The data backs this up: According to a 2021 study by the University of Washington, a 10 percent increase in the allotment of cash to families from the Earned Income Tax Credit resulted in a 9 percent decline in neglect cases.

The best policy in American history along these lines was President Biden’s Child Tax Credit expansion, which provided some 35 million families with $3,600 for each child under age 6 and $3,000 for children ages 6 through 17. Despite some technical flaws, that’s the kind of universal welfare state policy that would seriously cut down on child poverty and therefore child neglect. Alas, it expired this past January thanks to Sen.
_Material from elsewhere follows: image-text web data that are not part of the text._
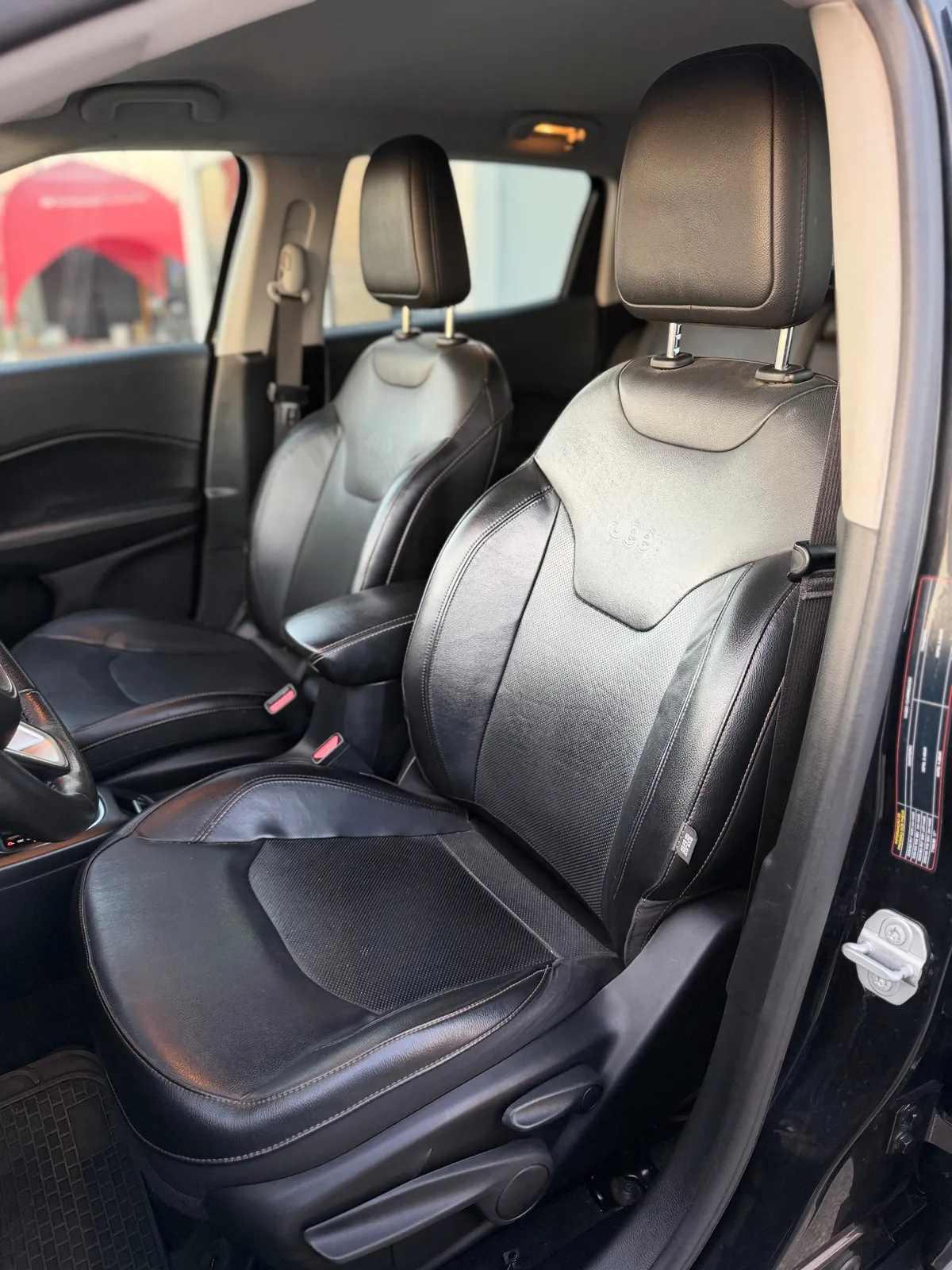 Jeep Compass 2.4 Longitude At año 2021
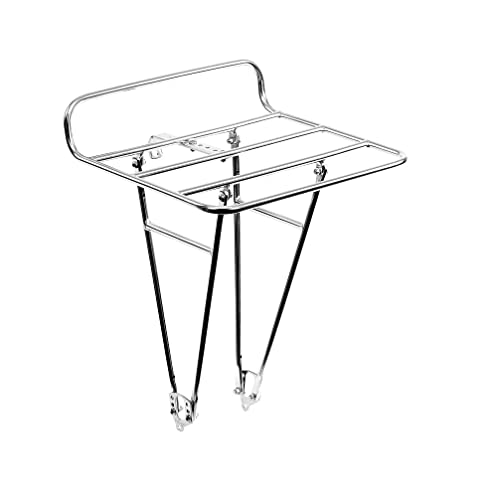 Pelago Commuter Front Rack Aluminium - Poliert L Pelago Commuter Front Rack Aluminium - Poliert L von Pelago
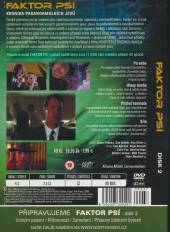  Faktor Psí - DVD 2 (Psi Factor: Chronicles of the Paranormal - suprshop.cz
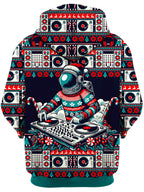 Astro Beats Unisex Hoodie iEDM Epic Hoodie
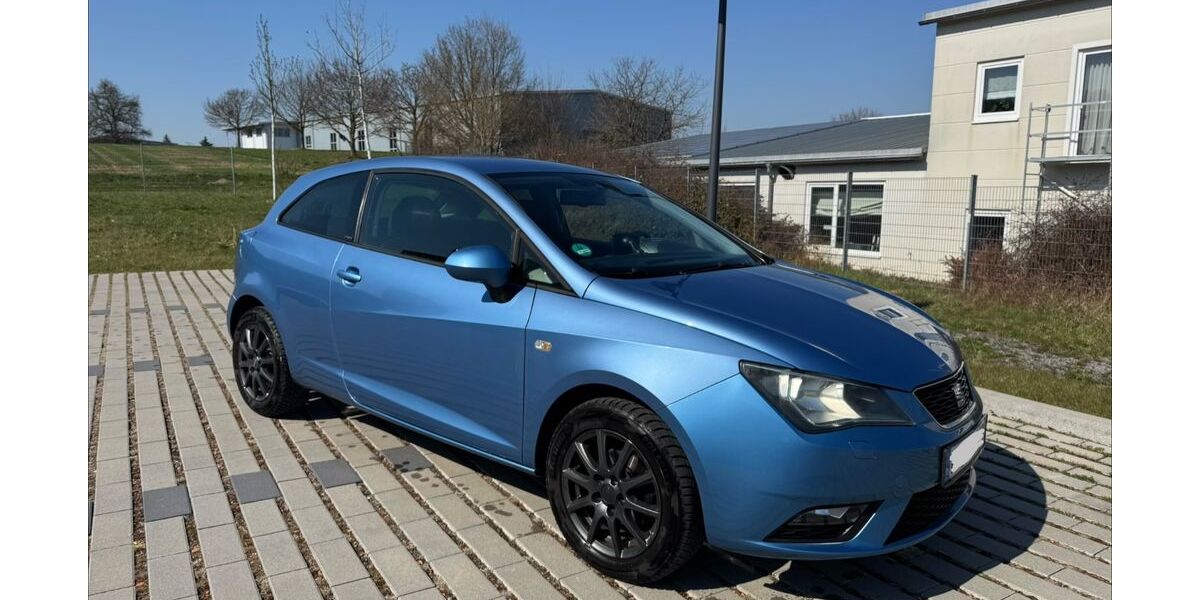 Seat Ibiza 160.500 km 4.490 &euro; Niefern-Öschelbronn 75223
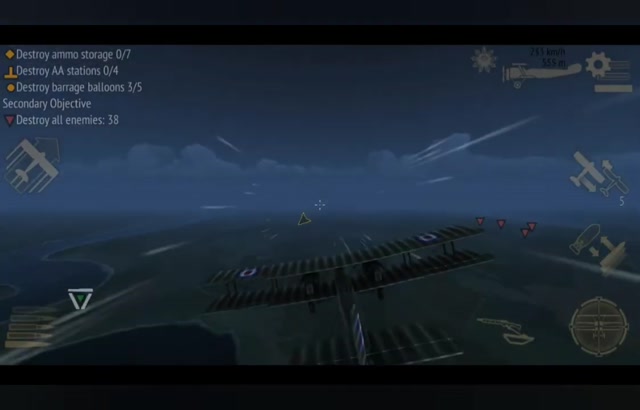 WWI Sky Aces — The One Before W.D.I.M.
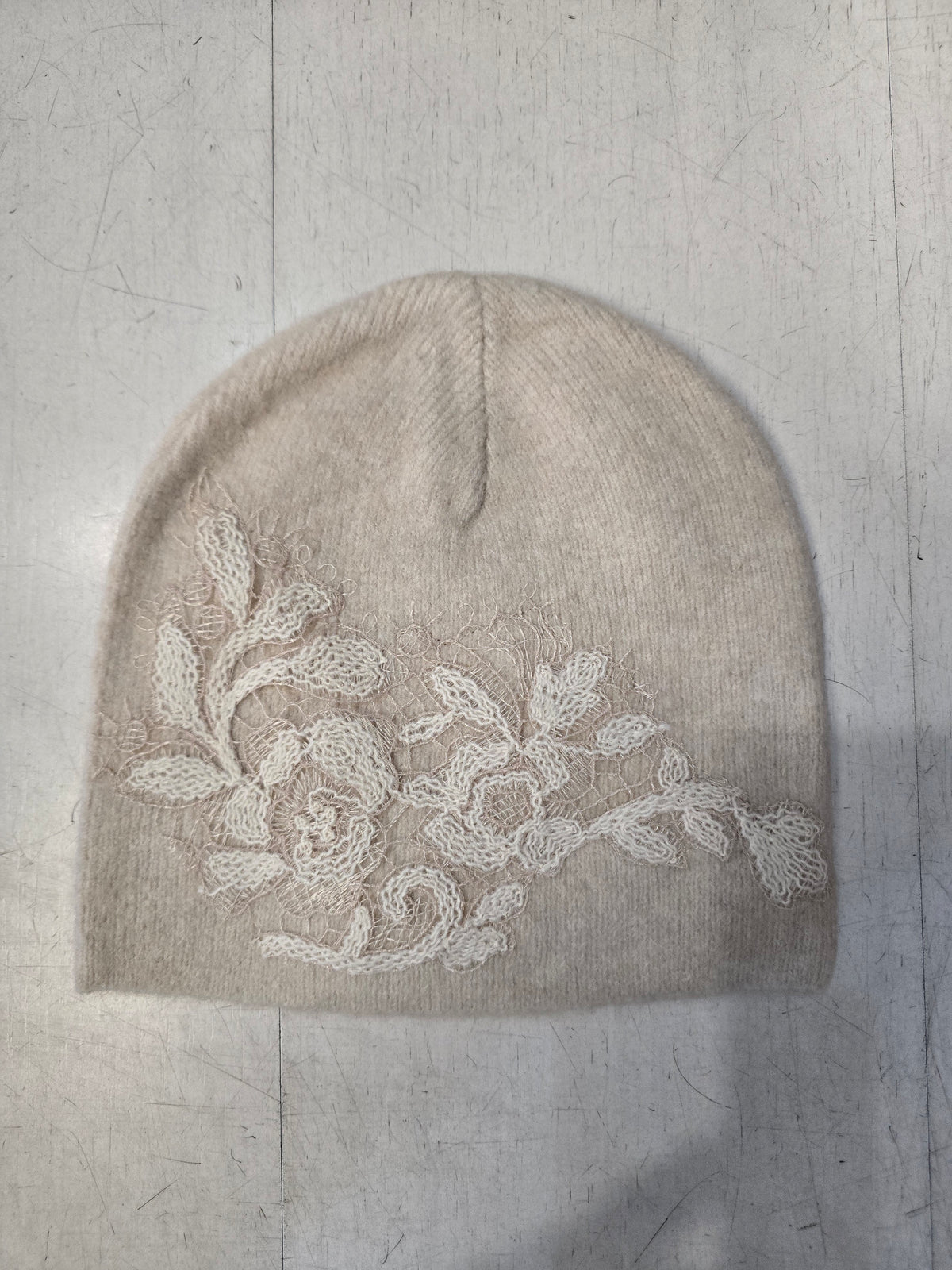 Cappello Donna Ricamo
Joe Manchin (D-WV), who was reportedly convinced that poor families would spend the money on drugs.

Until politicians shake off these notions, an expansion of national, universal cash assistance, social housing, and health care will remain impossible—despite these being far and away the best tools for fighting child poverty and all its associated problems.

“In child welfare, you might hear about inadequate income, lack of child care, unstable housing or food insecurity—any of those things,” says David Kelly, a human rights attorney who worked with both the Obama and Trump administrations on child welfare but now directs Family Integrity & Justice Works.

“The most helpful response would be to try to address some of those needs, but the more common response is to blame the parent, to see the parent as unfit because those needs aren’t met, and, potentially, remove a child.”

Throughout the Trump years, there was a deep (and understandable) preoccupation with family separations carried out through the immigration system. But until we respond to the economic deprivation that leads to similar separations with the same sense of urgency, thousands more children will be cruelly severed from their families—and liberal policymakers will have only their austerity mindset to blame.